Introducing New Serverless Technology for Node.js

Publication originally posted at https://hole.build/blog/2020/02/16/introducing-hole-serverless.html

Introducing the new generation of serverless technology for Node.js, efficient and cold start to zero with hole.build.

Managing servers with a complex infrastructure a professional team focused only on monitoring and consuming several hours to decide how to scale and support large peaks in access and use of the application's APIs, has always been the problem to deal with high availability and fast growth projects.

Over time, several technologies and standards have been created to deal with this and they are one of the most critical things of a product when not well thought out and orchestrated can be a big headache for the rapid growth of a company but it requires professional demand qualified staff for monitoring and security. At the beginning of a small startup this can be a big cost because they need to grow quickly, they need to worry about their product, validate, win over their first customers and start selling.

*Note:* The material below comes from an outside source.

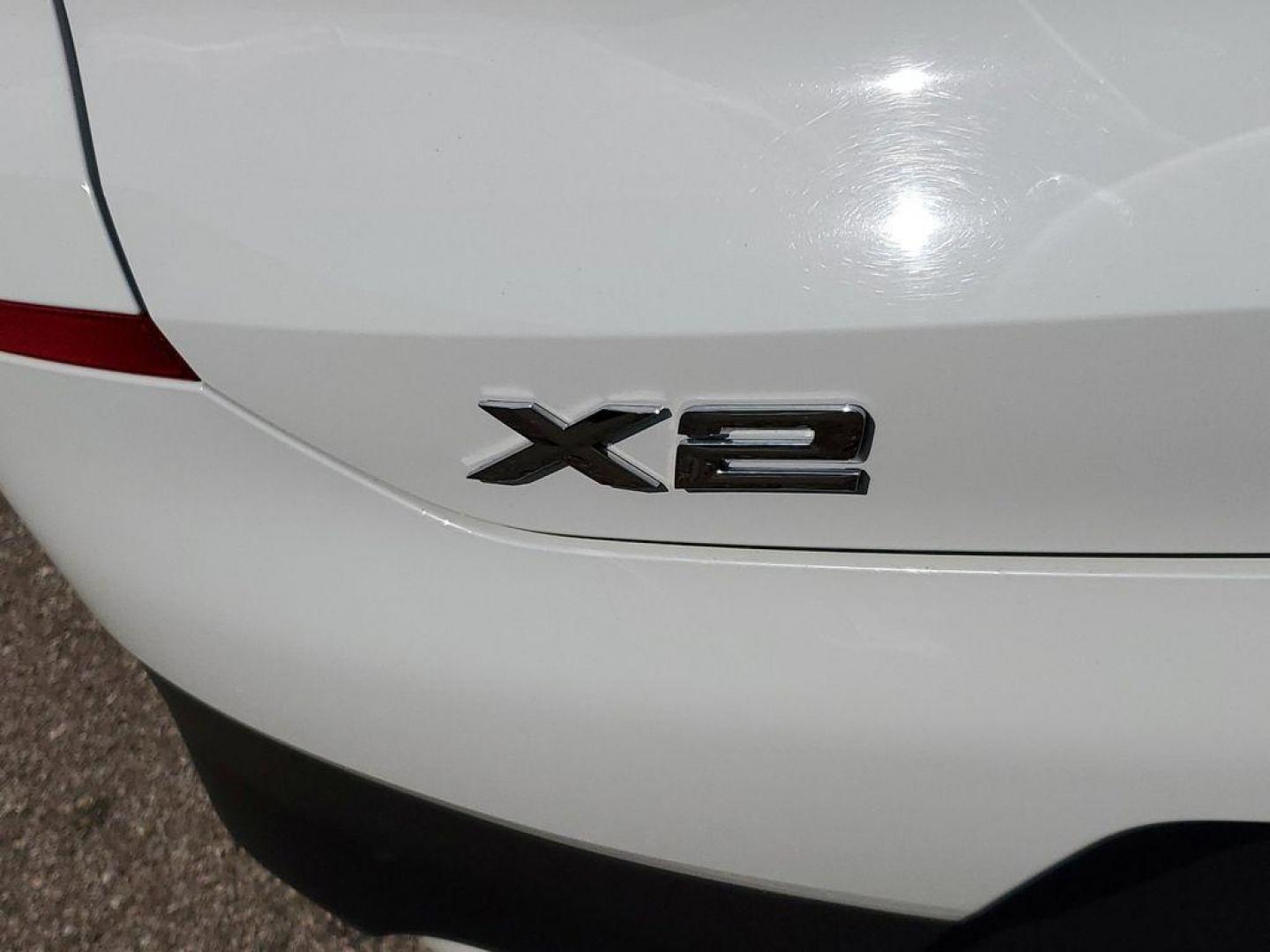 2018 Alpine White /Black BMW X2 xDrive28i (WBXYJ5C35JE) with an 2.0L L4 DOHC 16V engine, 8A transmission, located at 234 Columbia Ave, Battle Creek, MI, 49015, (269) 222-0088, 42.298264, -85.192543 - <b>Vehicle Details</b><br>Experience the thrill of driving with this stunning 2018 BMW X2 xDrive28i! This exceptional compact SUV combines BMW's hallmark performance and luxury, featuring a powerful 2.0L 4-cylinder engine and advanced all-wheel drive (AWD) system. Whether you're navigating city stre - Photo#30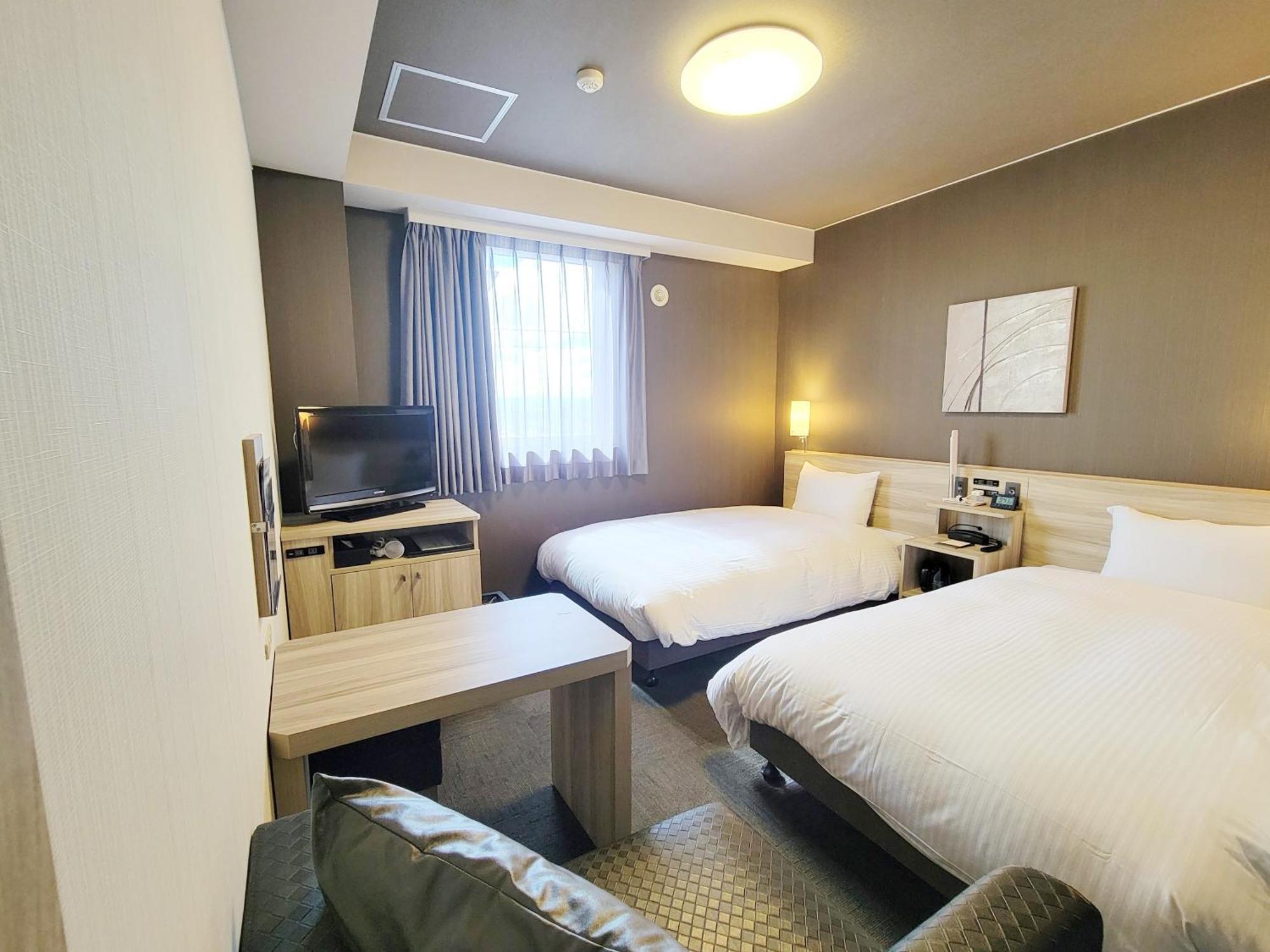 Hotel Route-Inn Komoro Bagian luar foto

Maintaining an infrastructure, monitoring and servers team to maintain the product can be very expensive, paying for services that are not used or are idle in times of low access can impact the company's balance sheet.

A few years ago, the "serverless" (FaaS) movement and technologies began to emerge, with a view to solving these types of problems:

  • auto-scaling,
  • scaling to down,
  • zero servers,
  • without complex infrastructure,
  • pay only for resources when used,

This is beautiful and it looks like the best of all worlds to start building the product on top of that, but with that it came with a main disadvantage: performance, functions that are not executed with high frequency can suffer a higher response latency than the code being runs continuously on a server.

Provisioning of the functions from other serverless platforms

On other serverless platforms, when a request arrives, the platform provisions a container with its function runtime, there is a waiting time until its function can actually start to be executed and process the request, called a cold start. Your container is kept on "hold" for some time so that can process another request but without cold start, when new requests arrive and some of these containers are already occupied, other containers will have to be sized to process the new requests starting with the cold start.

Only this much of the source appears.